UN envoy regrets failure to mediate a Yemen cease-fire
AP, , Tuesday 15 Jun 2021
'Yemen is a tale of missed and then lost opportunities,' Griffiths said

The outgoing special envoy for Yemen expressed ``deep regret'' to the U.N. Security Council on Tuesday that he failed to mediate a cease-fire and peace talks between Yemen's warring parties during the last three years.

But Martin Griffiths said he hoped that diplomatic efforts, especially by Oman, ``will bear fruit`` despite painting a bleak picture of the Arab world's poorest country in his final briefing to the council.

Griffiths said Yemen is in the throes of the world's worst humanitarian crisis and people are forced to ``live under violence, insecurity and fear, with limits to their freedom of movement, religion and free expression.''

``Yemen is a tale of missed and then lost opportunities,'' he said. ``And perhaps most tragically, we have seen the hopes and aspirations of a generation of young Yemenis for a peaceful future dashed.''

Yemen has been embroiled in a civil war since 2014, when Iran-backed Houthi rebels swept across much of the north and seized the capital, Sanaa, forcing the internationally recognized government into exile.
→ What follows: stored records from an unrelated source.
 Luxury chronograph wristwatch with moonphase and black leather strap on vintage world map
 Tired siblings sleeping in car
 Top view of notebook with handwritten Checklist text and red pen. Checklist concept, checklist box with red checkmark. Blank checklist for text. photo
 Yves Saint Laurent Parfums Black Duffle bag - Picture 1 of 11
A Saudi-led coalition entered the conflict the following year on the side of the government to try to restore it to power. But more than six years later, the war has killed over 130,000 people and fighting continues.

Griffiths, who will soon be starting his new job as the U.N.'s humanitarian chief, made clear that what has been missing in his mediation efforts is the courage and willingness of the warring parties' leaders to choose a path toward peace rather than continuation of the conflict.
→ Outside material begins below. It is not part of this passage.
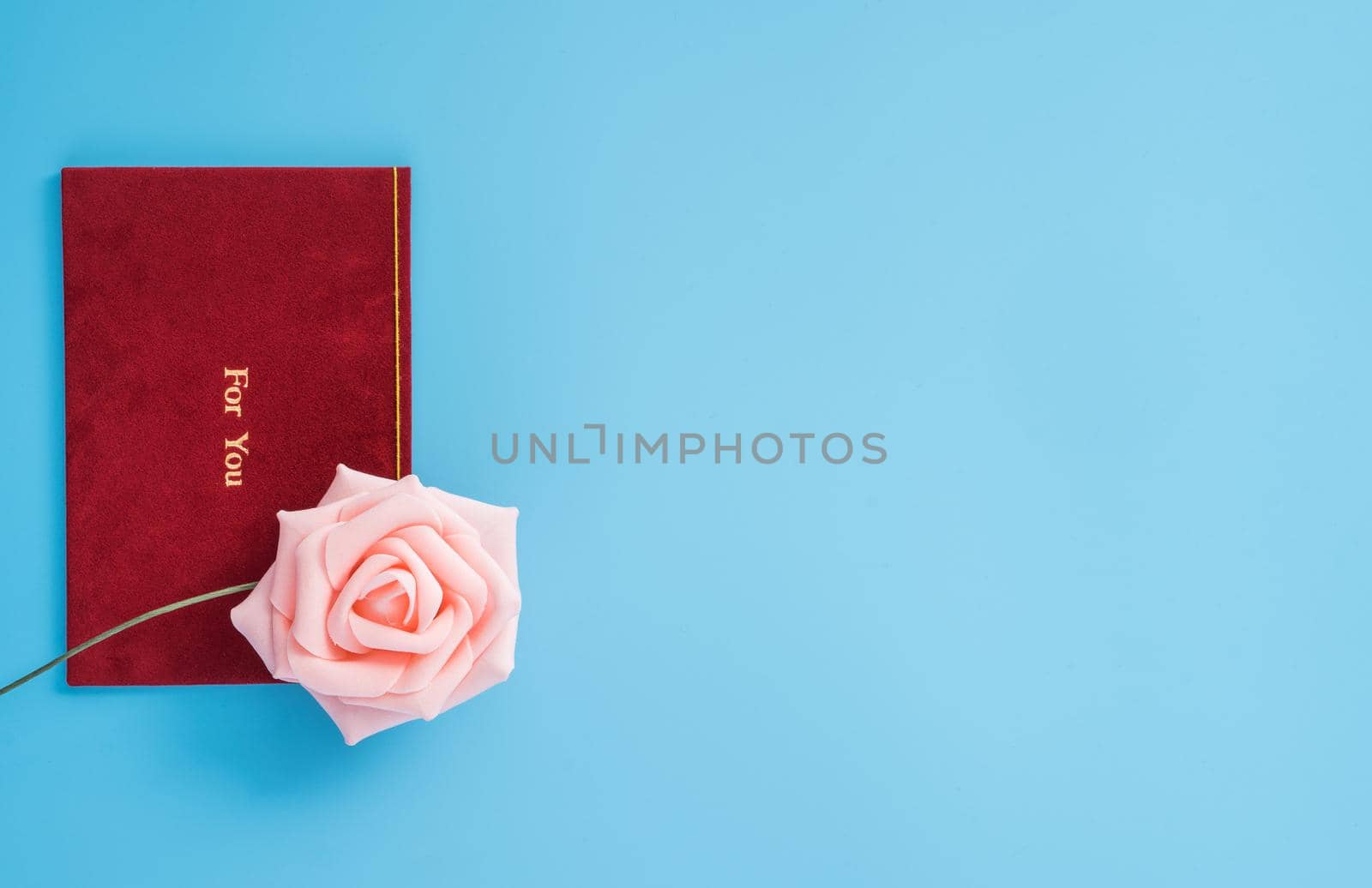 Concept of beautiful Valentine's day, anniversary, mother's day and birthday present and greetings on blue background, copyspace, topview, mockup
During his recent visit to Sanaa, Griffiths said, the Houthis' religious and military leader, Abdel-Malek al-Houthi, said there must first be an agreement on reopening Sanaa Airport and key Hodeida ports and only after that is implemented would the Houthis begin negotiations on a cease-fire, a first step toward reviving peace negotiations.

The government, he said, insists that an agreement on the ports and airport and the start of a cease-fire be implemented as a package.

``With the focus on getting that cease-fire started, we have offered different solutions to bridge these positions,'' Griffiths said. ``Unfortunately, as of now, none of these suggestions have been accepted.``

``I hope very, very much indeed -- I'm sure we all do -- that the efforts undertaken by the Sultanate of Oman as well as others, but the Sultanate of Oman in particular, following my own visits to Sanaa and Riyadh will bear fruit and that we will soon hear a different turn of fate for Yemen,'' he said.

Griffiths said ``time is not on Yemen's side,'' pointing to the multiplication and fragmentation of ``armed and political actors'' since the conflict began.

``Foreign interference has grown,'' he added. ``What was possible in terms of conflict resolution years ago is not possible today. And what is possible today may not be possible in the future.''

Griffiths raised the possibility of holding ``an international conversation'' to restate realistic goals for peace negotiations. But he said his worry is not so much about a cease-fire as it is the future of Yemen.

``Yemen needs a pluralistic political future, and the U.N.-facilitated political process must pave the way for them to achieve just that,'' he said.